More from Giants-land and Henry Schulman of the San Francisco Chronicle: You might not have heard it above the clang of mismatched beakers in Los Angeles, but absent chemistry has been demonized in the Bay Area as well.

... Could it be these 2006 Giants want to hang out together?

That would be a plus, because the lack of team chemistry in 2005 was an issue. Was it the biggest reason for the Giants having a losing record (75-87) for the first time in nine years? Hardly. (Barry) Bonds' five-month absence, the loss of closer Armando Benitez and an awful start by the rotation rank much higher.

Nevertheless, a lack of cohesion inside the clubhouse and on the field did not help. A month into the season, newcomer (Omar) Vizquel publicly bemoaned what he viewed as a shortage of team play. In mid-June, (Moises) Alou highlighted the off-field polarization by revealing he had not gone to dinner with a single teammate.

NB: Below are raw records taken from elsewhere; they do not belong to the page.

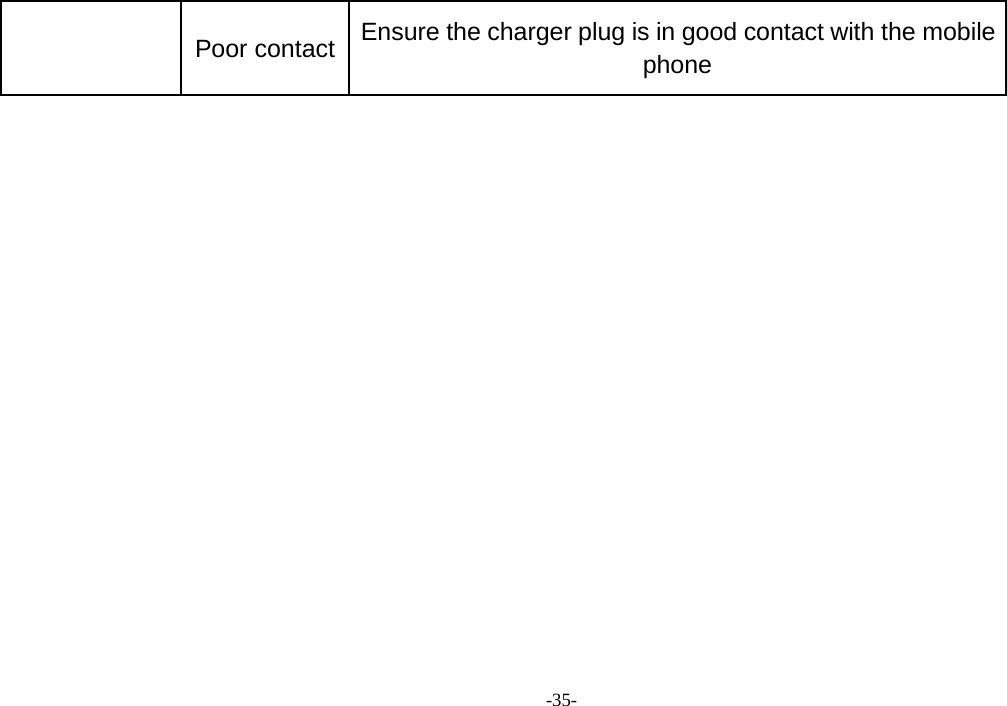 -35-Poor contact Ensure the charger plug is in good contact with the mobilephone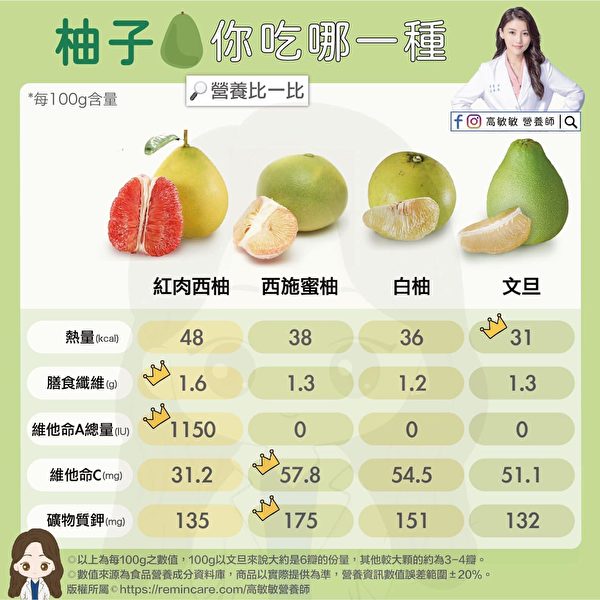 不同柚子的热量及营养稍有差异，但都富含膳食纤维及维他命C。（高敏敏营养师提供）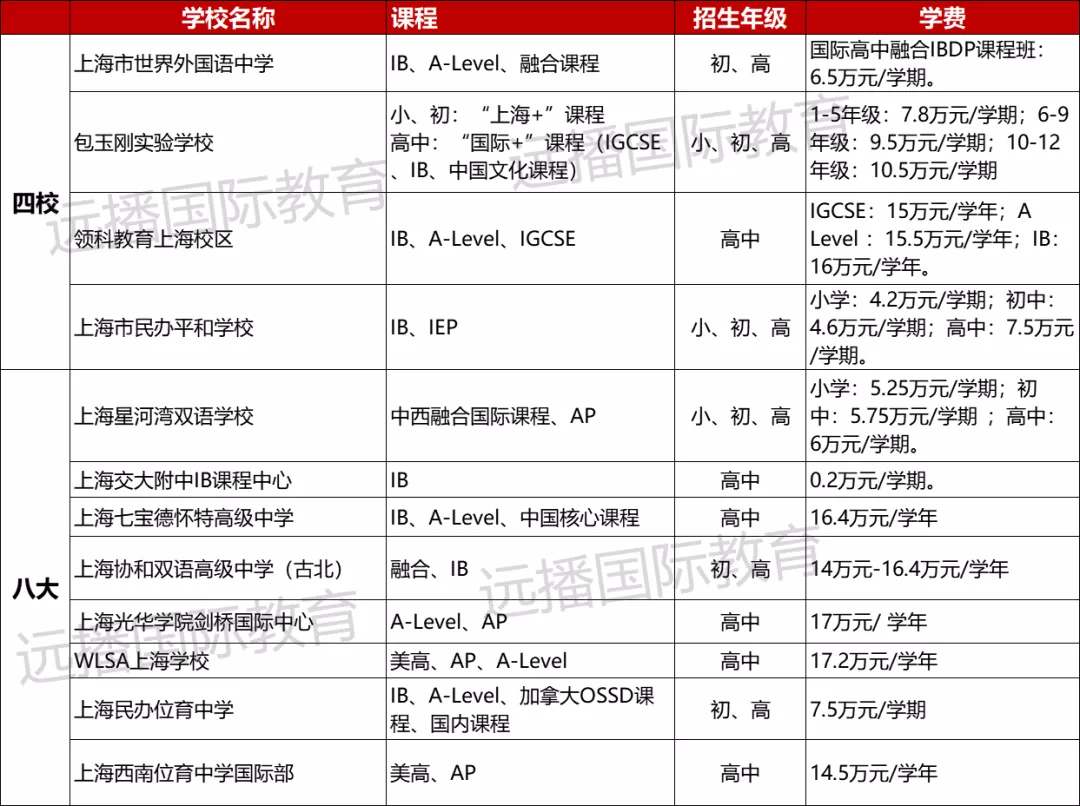 上海國際化學校圈的“四校八大”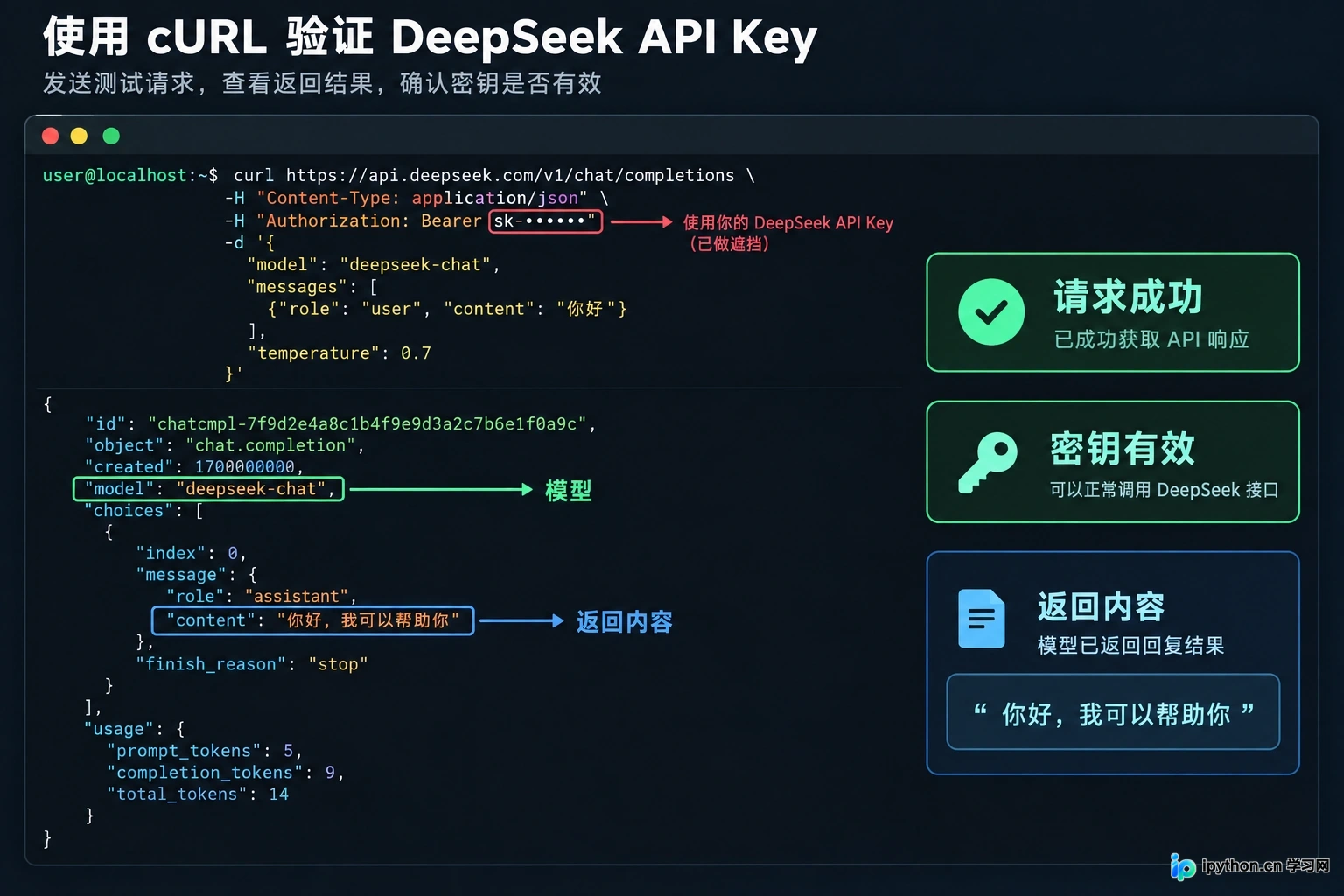 命令行终端中执行测试请求,成功返回包含回答内容的JSON数据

Management took notice, and it was no accident the new players for 2006 -- (Steve) Finley, (Matt) Morris, Tim Worrell, Mark Sweeney, Steve Kline and Jose Vizcaino -- have plenty of experience on playoff teams, reputations as solid teammates and, in some cases, the will to bust on anyone who strays from the common purpose -- winning. ...

I'm hoping Alou at least ate with his manager.

I can live with the idea that good chemistry doesn't hurt and bad chemistry doesn't help. But as far as wins and losses go, well, old friends Jose and Steve still need to be able to get a hit - and old nemesis Barry still needs to play.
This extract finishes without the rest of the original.